Simbol Melawan Penjajah
Rektor Universitas Islam Negeri (UIN) Sunan Kalijaga Yogyakarta Yudian Wahyudi memaparkan Arab Pegon menjadi bahasa pemersatu Nusantara saat melawan penjajah, hampir mirip dengan Urdu, yakni tulisan Arab dengan bahasa lokal India.
"Setelah Hindu dan Budha mengalami kemunduran, Islam lewat Arab Pegon berfungsi sebagai penyangga bahasa Nusantara melawan penjajah," ujar dia.
Ia menceritakan, pasca-kekalahan Diponegoro sekitar 1830, para pengikutnya yang terdiri dari ulama dan sufi melarikan diri ke daerah Termas Pacitan. Mereka mendirikan pondok pesantren Termas sebagai benteng pertahanan melawan penjajah. Wilayah itu dipilih karena dikelilingi bukit karang sehingga tidak terjangkau teknologi Belanda.
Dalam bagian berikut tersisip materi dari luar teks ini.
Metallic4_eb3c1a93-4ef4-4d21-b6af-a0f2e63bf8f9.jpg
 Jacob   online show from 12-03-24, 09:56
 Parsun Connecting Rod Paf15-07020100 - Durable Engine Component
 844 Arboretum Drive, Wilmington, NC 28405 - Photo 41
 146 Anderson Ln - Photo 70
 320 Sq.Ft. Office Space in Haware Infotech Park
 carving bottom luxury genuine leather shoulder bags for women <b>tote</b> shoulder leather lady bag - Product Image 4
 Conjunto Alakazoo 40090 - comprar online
Para ulama membenci segala sesuatu yang berbau penjajah dan mengeluarkan dalil, mengharamkan segala sesuatu yang berbau penjajah, termasuk penggunaan huruf latin. Oleh karena itu, pesantren pun menggunakan Arab Pegon.
"Tetapi yang perlu dicatat dalil itu adalah dalil strategi perang, bukan dalil agama, karena ulama melakukan perlawanan secara total. Kalau diterapkan sekarang sudah tidak pas, karena Indonesia sudah merdeka," ucap Yudian.
Dalil itu, tutur dia, juga menjadi salah satu sebab orang-orang di pondok pesantren kala itu jarang yang bergelar akademis karena mereka tidak mengenyam pendidikan dari sekolah yang notabene buatan Belanda.
Ia menerangkan pada abad ke-19 menjadi tonggak utama perjuangan Islam di Nusantara. Namun, hal itu berubah di abad 20 menjadi nasionalis.
Penyebabnya, pada abad itu terjadi dua revolusi besar di dunia, yakni Komunis Bolsevic pada 1917 dan setahun kemudian Turki dan India kalah dalam perang dunia pertama. Akibatnya, Islam kehilangan dukungan kekuatan dan muncul kekuatan baru bernama Uni Soviet.
Tokoh perjuangan Soekarno berpikir untuk mencapai kemerdekaan melawan Barat tidak bisa hanya mengandalkan kekuatan Islam internasional. Pemikiran itu memunculkan paham Nasakom (nasionalis, agama, komunis).
"Setelah kemerdekaan dicapai, Soekarno menghapus Bahasa Belanda dari Indonesia, demikian pula dengan Arab Pegon, supaya bahasa Indonesia menjadi bahasa pemersatu dan menjadi identitas bangsa merdeka yang setara di mata internasional," tutur dia.
Yudian menambahkan awal kemerdekaan PBB pernah bilang angka buta huruf di Indonesia tinggi, yang dimaksud adalah buta huruf latin karena rata-rata orang kelahiran di bawah 1960 menguasai Arab Pegon.